To analyze the function of XPG alternative splice variants, primary fibroblasts from an XP-G patient (XP20BE) were used. XPG consists of 1186 aa. The catalytic center of the protein is formed by two domains, separated by a spacer domain. Three putative NLS have been identified: one at the end of the first part of the nuclease domain and the other two close to the C-terminus. For XPG, seven isoforms have been identified. All XPG splice variants were able to enter the nucleus. Five isoforms are N-terminally truncated: XPG IsoII (142 aa), XPG IsoIII (232 aa), XPG IsoIV (302 aa), XPG IsoV (663 aa) and XPG IsoVI (763 aa). None of these include the second domain of the catalytic center. The isoform XPG-201 lacks the first 168 aa and thus the first domain of the catalytic center. This is a deletion of exon 1–4. The isoform XPG-202 is a conjoined product containing the immunoglobulin-like variant motif (484 aa) and lacking exon 1 of XPG, including the first domain of the catalytic center. This leads to a protein of 1676 aa. Residual NER capabilities were reported for the isoforms XPG IsoV and XPG IsoVI. Additionally, overexpression of XPG-201 and XPG IsoVI inhibited NER capabilities. Interestingly, alternative splice variant expression levels of XPG isoforms varied between different tissues and between individuals [39,40].

Three isoforms have been reported for XPC that lead to exon skipping of either exon 4, 7 or 12. A single nucleotide polymorphism (SNP) associated with exon 12 skipping has been shown to produce an isoform with reduced DNA repair function.
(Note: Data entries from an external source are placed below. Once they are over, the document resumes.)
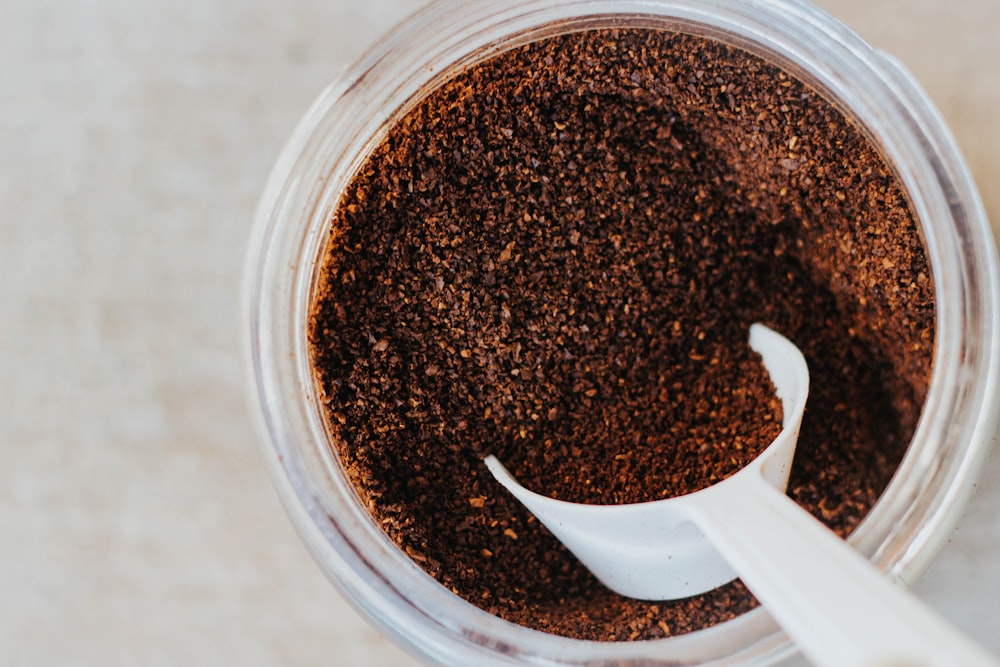 cucchiaio da tavola bianco sul caffè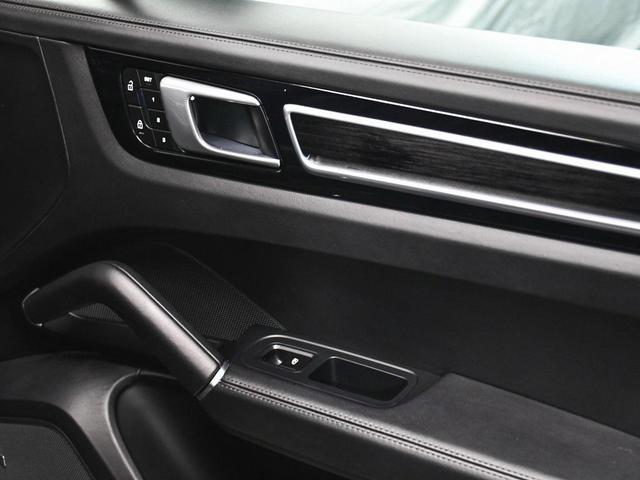 Photo of 2022 Black Porsche Cayenne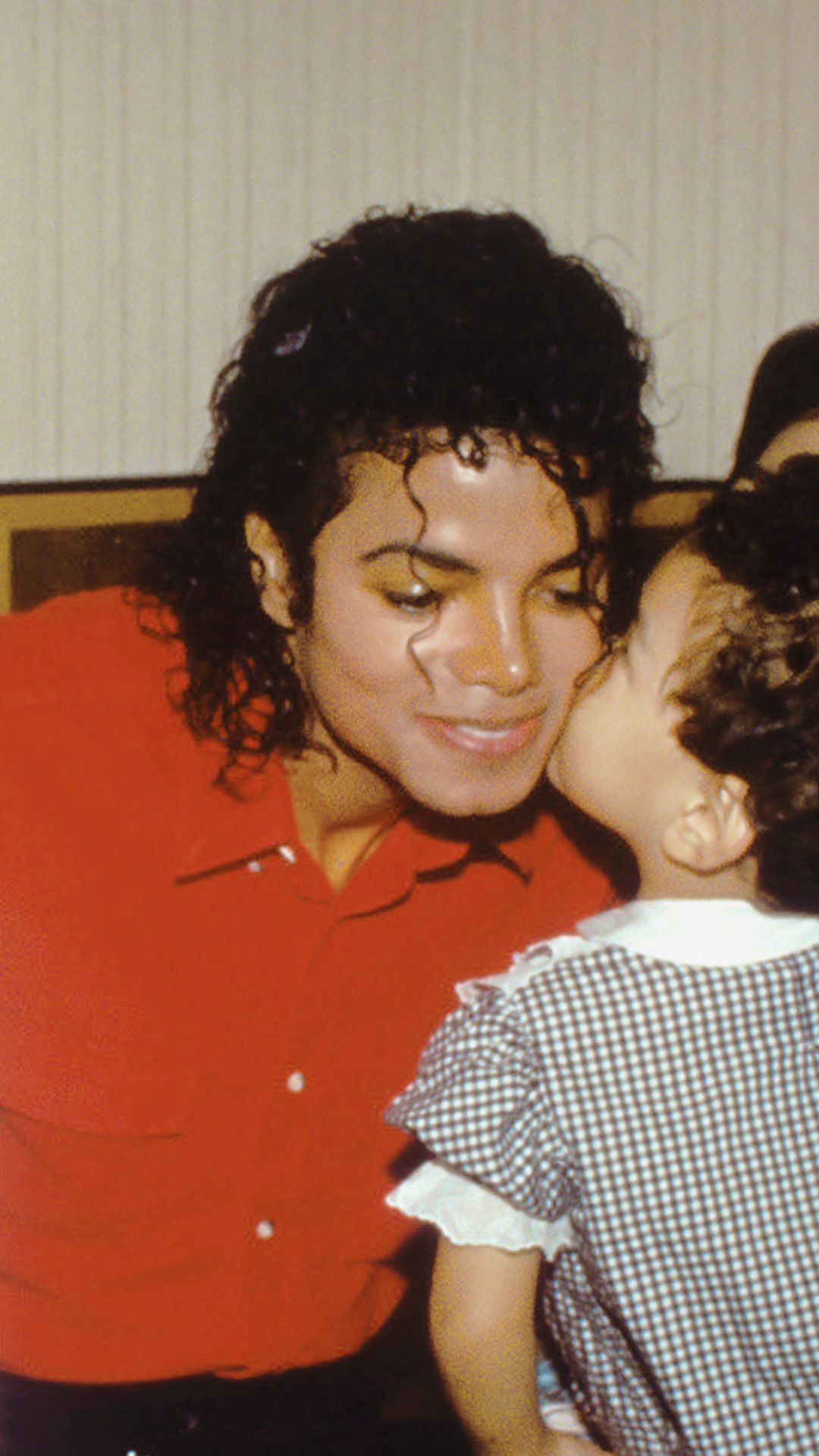 Michael with a little girl - Michael Jackson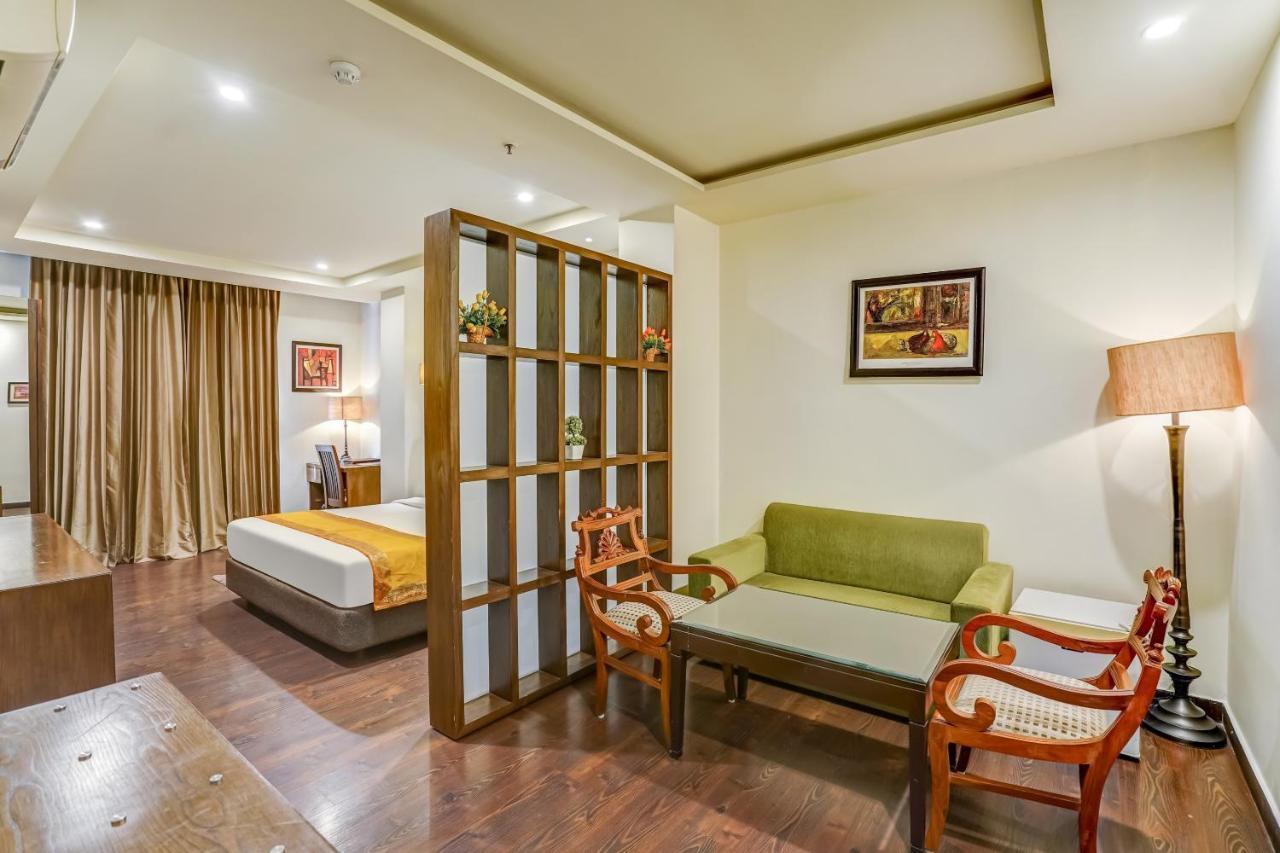 Townhouse 552Hotel Royal Court Jalandhar Extérieur photo
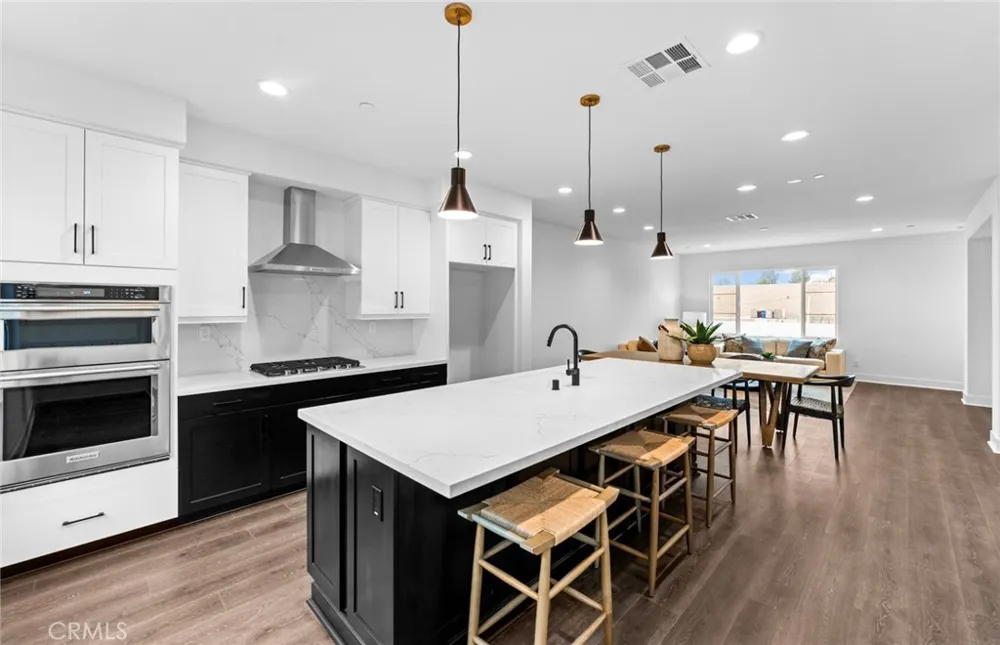 102 Sorrel Court Burbank, CA 91506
Additionally, a dominant negative effect for this isoform on NER has been shown in WT cells [41]. A variety of SNP in XP genes have also been reported to be associated with cancer risk, depending on ethnicity and cancer type. These include but are not limited to the following examples: An A/G polymorphism in XPA (rs1800975) was shown to have an impact on overall cancer and skin cancer susceptibility in the Caucasian population. An XPC PAT+/− polymorphism was suggested to influence the susceptibility to prostate cancer and may increase melanoma and head and neck squamous cell carcinoma risk. Carriers of the rs13181 polymorphism in XPD have been shown to have a higher lung cancer, esophageal cancer, acute myeloid leukemia and glioma risk, but not ovarian cancer risk. It has also been shown to be likely associated with a higher risk of colorectal cancer in the Indian population and a higher risk of digestive tract cancers in Asian populations. The polymorphism rs873601 in XPG has been associated with overall cancer risk [42,43,44,45,46,47,48,49,50,51,52].
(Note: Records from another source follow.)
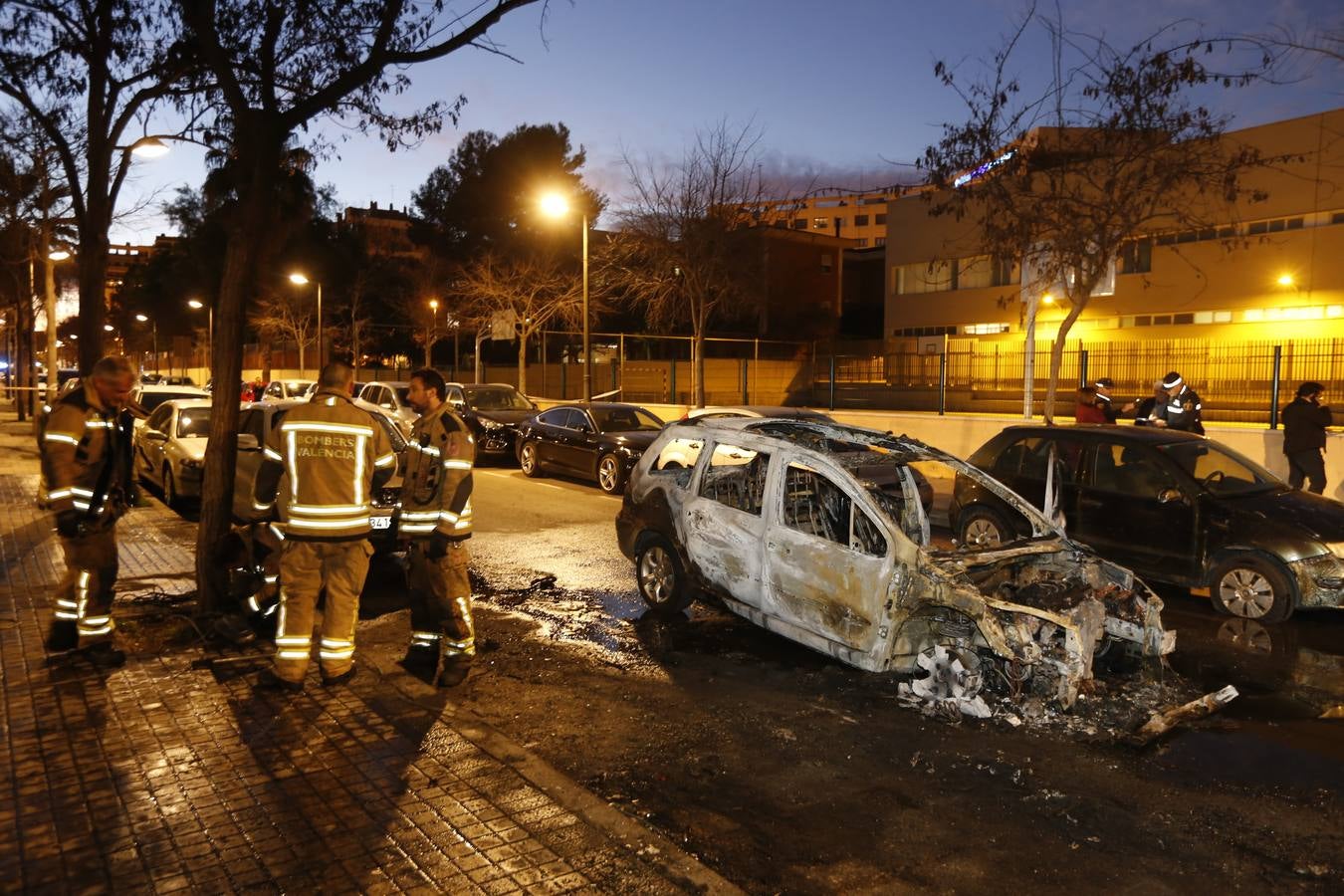 Fotos: Arden tres coches en el barrio de Campanar de Valencia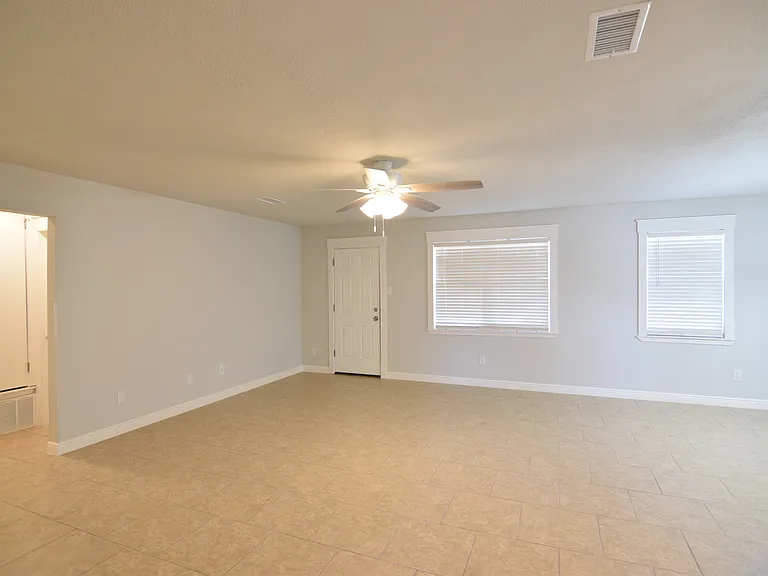 2307 Traverse Dr — Photo 10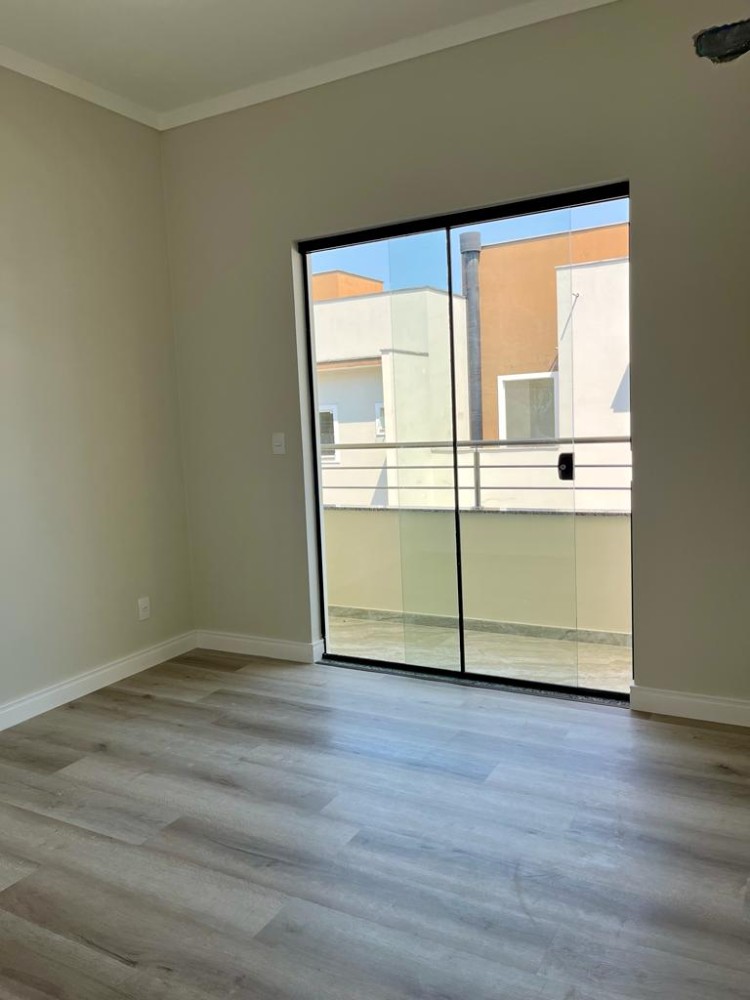 Imagem Sobrado com 3 Quartos à Venda, 116 m²em Bom Retiro - Joinville
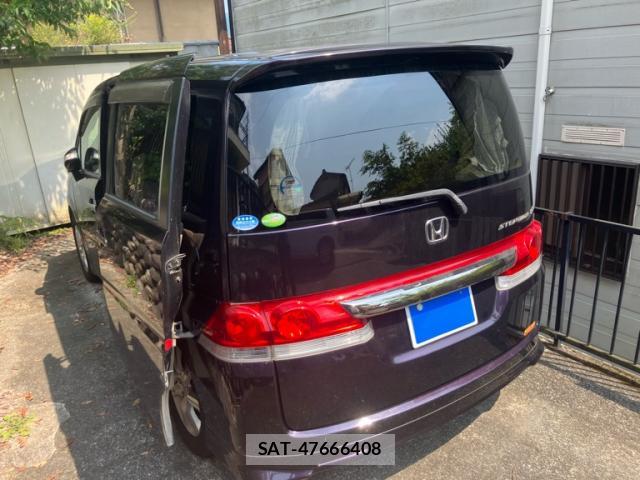 Honda e 2007-05 8224387-13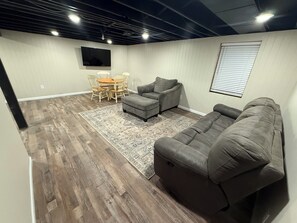 Flachbildfernseher, Kamin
Since abnormal function of DNA repair pathways is associated with the initiation and progression of cancer [53], further research should be conducted on the influence of alternative splice variants of XP genes on cancer risk. If a correlation between certain splice variants and cancer risk could be verified, these findings could be used to establish a marker panel to determine the individual cancer risk. It could also include gene variants such as the aforementioned SNP. Such a marker panel could be useful to identify high-risk patients who need more frequent preventative check-ups.
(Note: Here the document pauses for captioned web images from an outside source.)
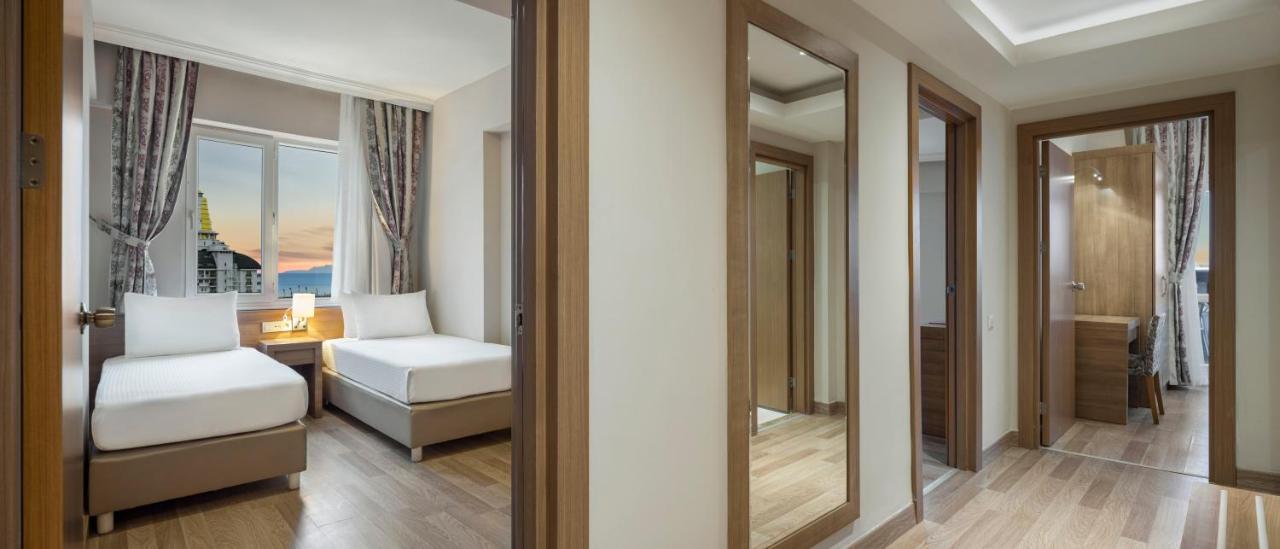 Family Suite Non-Smoking
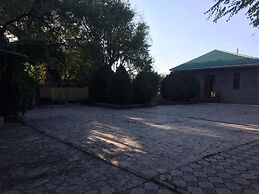 Khosrov Hotel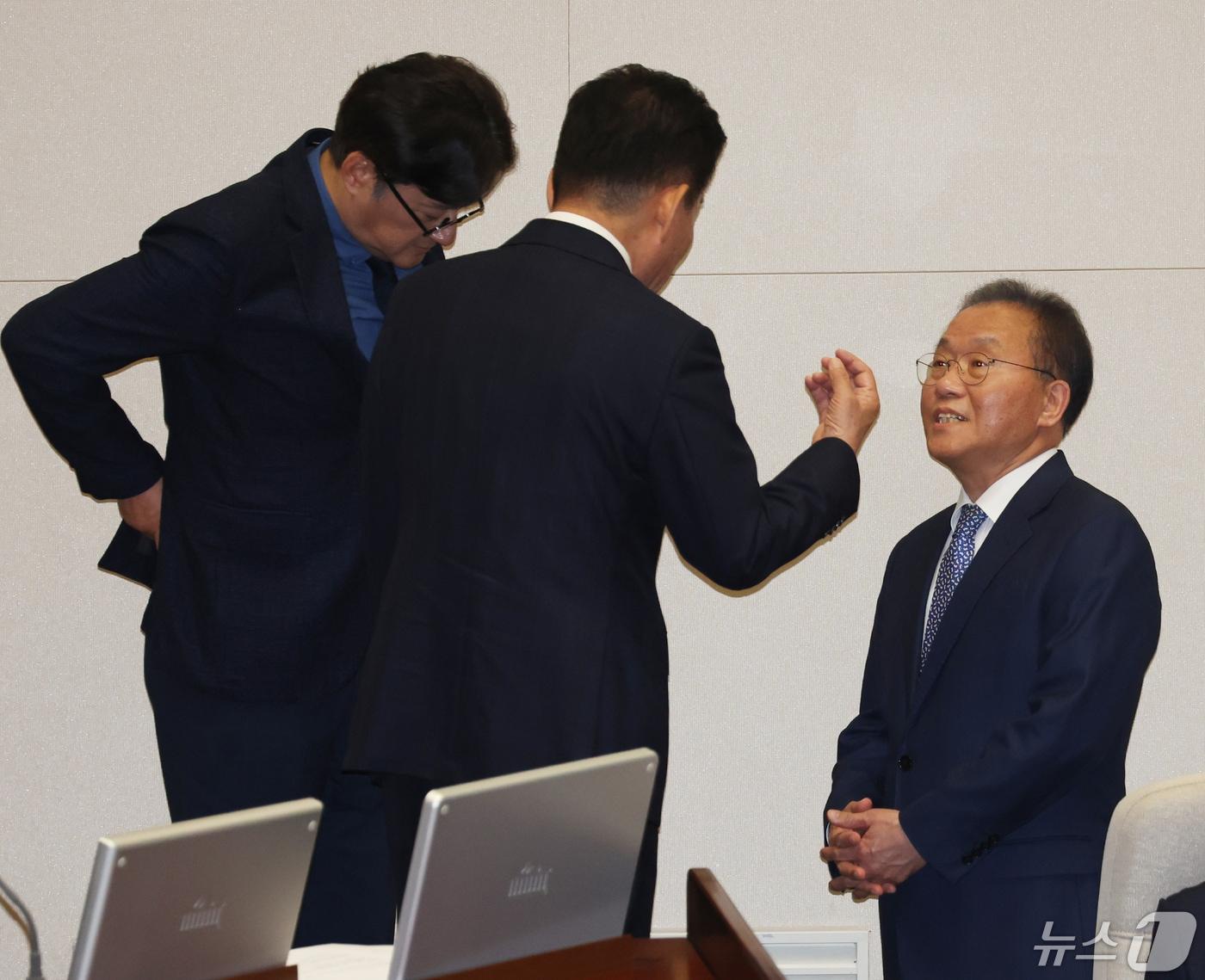 본문 이미지 - 김진표 국회의장과 윤재옥 국민의힘 원내대표 겸 당대표 권한대행, 홍익표 더불어민주당 원내대표가 2일 서울 여의도 국회에서 열린 제414회국회(임시회) 제1차 본회의에서 '채상병특검법'(순직 해병수사 방해 및 사건 은폐 등의 진상규명을 위한 특별검사의 임명 등에 관한 법률안) 상정과 관련 대화를 하고 있다. 2024.5.2/뉴스1 ⓒ News1 송원영 기자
Further studies are needed to evaluate the capacity of splice variants of XP genes as cancer risk markers.

4. Conclusions

Due to its impaired DNA damage repair of UV-induced lesions, XP can be used as a basis to further study the molecular mechanism of NER and photocarcinogenesis. Previous studies showed CRISPR/Cas9-mediated knockout cells of XP genes as a viable tool to study the functions of XP genes. Additionally, the functional relevance of spontaneous alternative splice variants of XP genes can be evaluated.

Identification and characterization of alternative splice variants of XP-related genes may help to identify patients with an increased risk for cancer development and thus provide novel biomarkers for better precision medicine. This warrants more research and clinical correlation studies.